Two items in the current article are outdated or inaccurate and need correction:
The Discography section – It contains outdated material and duplicates information already present in the prose. It should be removed for clarity and accuracy. The statement that the subject “she also teaches and practices Ashtanga yoga in Toronto.”
This information is outdated and no longer accurate; it should be removed.
Requested edits:
Remove the entire Discography section Remove the sentence referring to studying/teaching Ashtanga yoga
Thank you very much for reviewing this request. Commons Arts Archivist (talk) 12:11, 14 November 2025 (UTC)

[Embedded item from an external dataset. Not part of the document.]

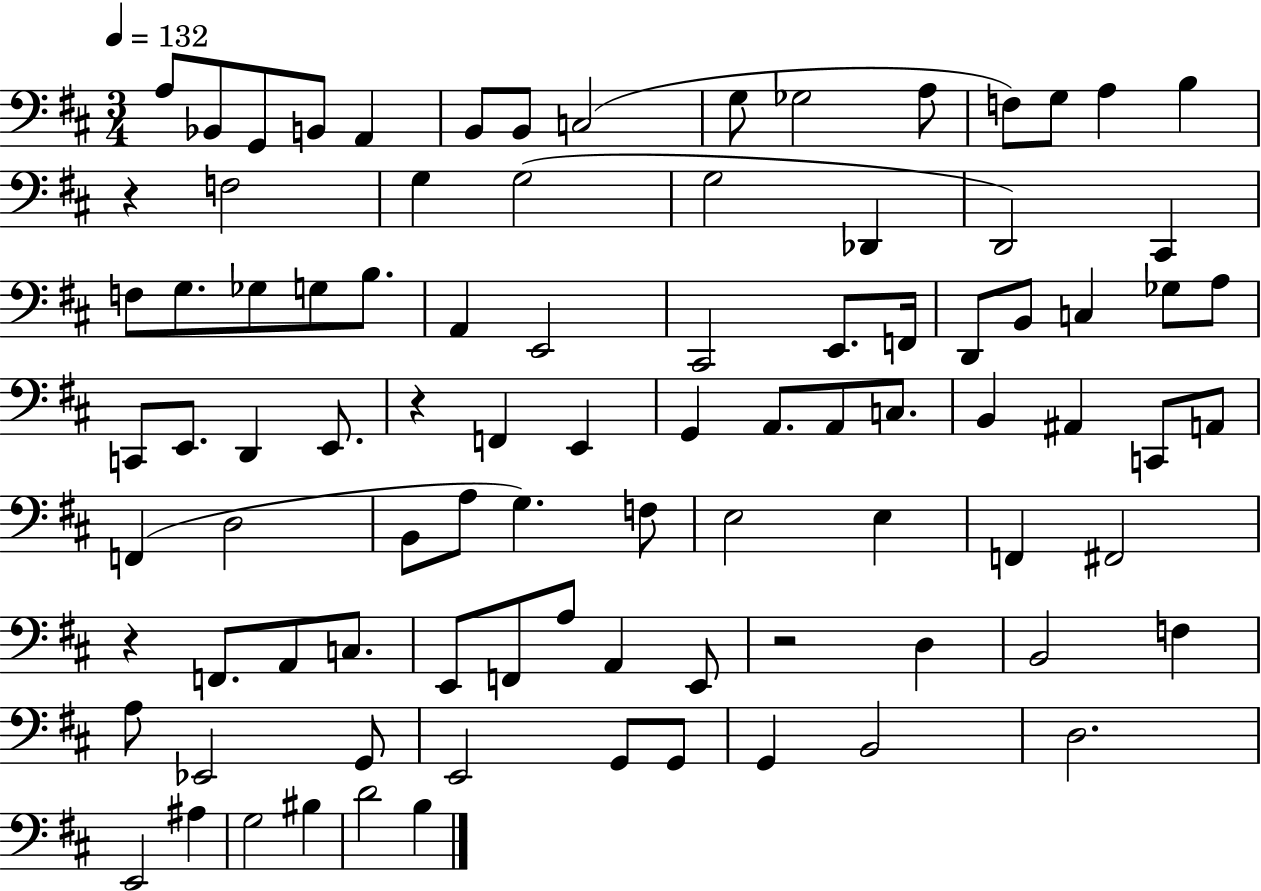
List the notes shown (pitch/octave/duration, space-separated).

A3/e Bb2/e G2/e B2/e A2/q B2/e B2/e C3/h G3/e Gb3/h A3/e F3/e G3/e A3/q B3/q R/q F3/h G3/q G3/h G3/h Db2/q D2/h C#2/q F3/e G3/e. Gb3/e G3/e B3/e. A2/q E2/h C#2/h E2/e. F2/s D2/e B2/e C3/q Gb3/e A3/e C2/e E2/e. D2/q E2/e. R/q F2/q E2/q G2/q A2/e. A2/e C3/e. B2/q A#2/q C2/e A2/e F2/q D3/h B2/e A3/e G3/q. F3/e E3/h E3/q F2/q F#2/h R/q F2/e. A2/e C3/e. E2/e F2/e A3/e A2/q E2/e R/h D3/q B2/h F3/q A3/e Eb2/h G2/e E2/h G2/e G2/e G2/q B2/h D3/h. E2/h A#3/q G3/h BIS3/q D4/h B3/q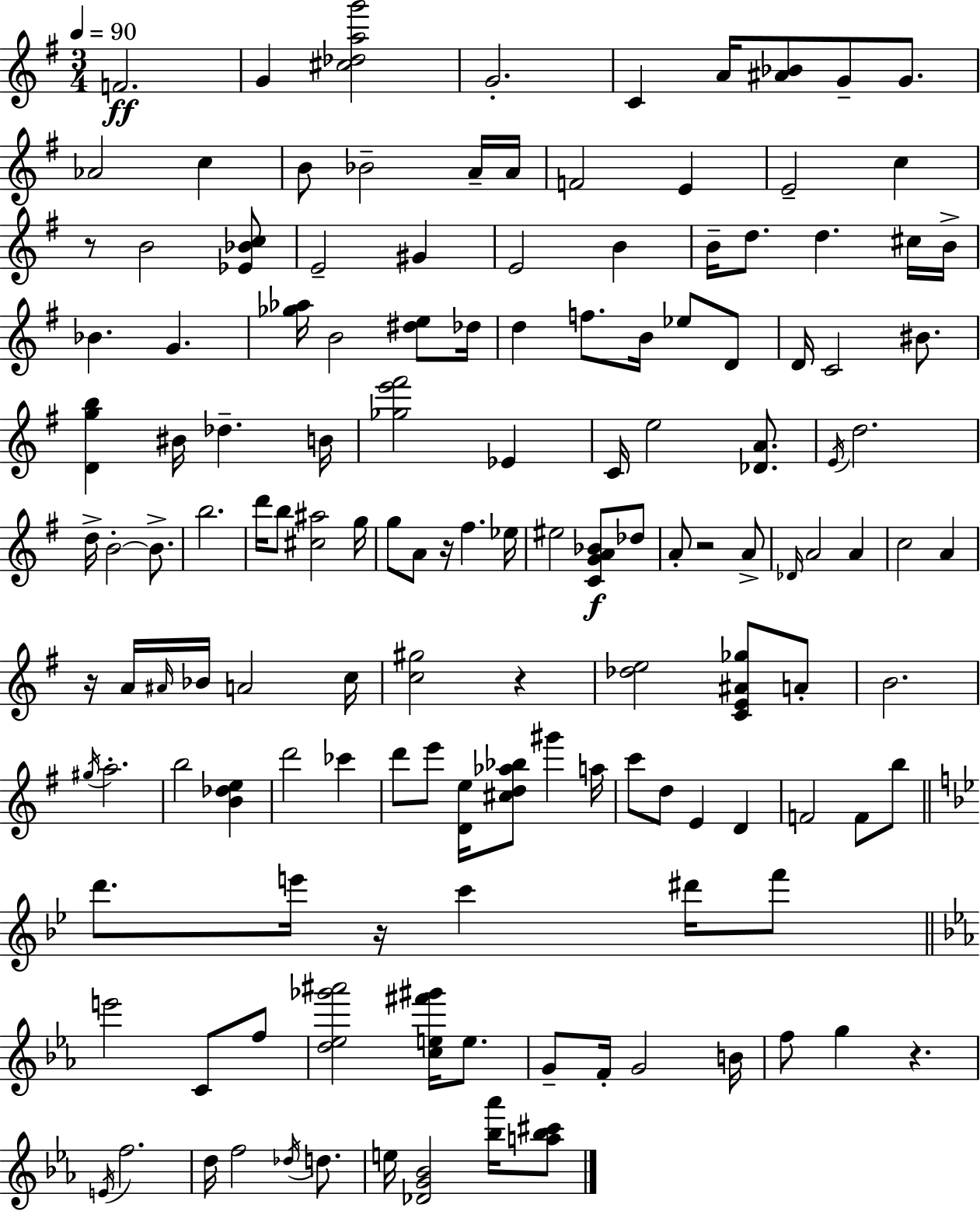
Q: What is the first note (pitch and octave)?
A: F4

Hello again — adding a brief clarification so the request is actionable under COI guidelines.
• Please remove the outdated “Discography” section. • Please remove the sentence stating I “currently study and teach Ashtanga yoga in Toronto,” as it is no longer accurate. • Please replace the article content with the fully-sourced draft provided above in this section.
For clarity, the exact sentence currently on the article is: “She also teaches and practices Ashtanga yoga in Toronto.” This is outdated information, so I’m flagging it here for an editor to remove it.
Thank you — and I won’t add further notes unless requested. — Preceding unsigned comment added by Commons Arts Archivist (talk • contribs) 12:18, 14 November 2025 (UTC)
Hello — just following up on the edit request above, as some time has passed without a response. I wanted to check whether an uninvolved editor would be able to review the proposed update when time permits. Many thanks for your time and consideration. Commons Arts Archivist (talk) 18:07, 1 January 2026 (UTC)
- Commons Arts Archivist Sorry to be late to the game here. Your request is the oldest that is not being worked. The backlog is almost 400 articles now, so every request has to be easy to understand. I can't tell without doing more work what you want to change, and it looks like some of the work was done (discography removal). Can you use the format that I describe here? User:STEMinfo/COI_edit_requests#Simple_connected_edit_request. You can ping me to review when you are done. STEMinfo (talk) 19:58, 20 February 2026 (UTC)
- @STEMinfo:
- Hello — thank you for your guidance. I’ve simplified my request into specific edits below.
- 1. Lead paragraph:
- Replace with:
- Priya Thomas is a Canadian artist and scholar whose work spans choreography, musical composition, theatre, and research. She has released music under her own name and under the moniker Iroquois Falls, and her practice brings together performance, music, drama, and writing.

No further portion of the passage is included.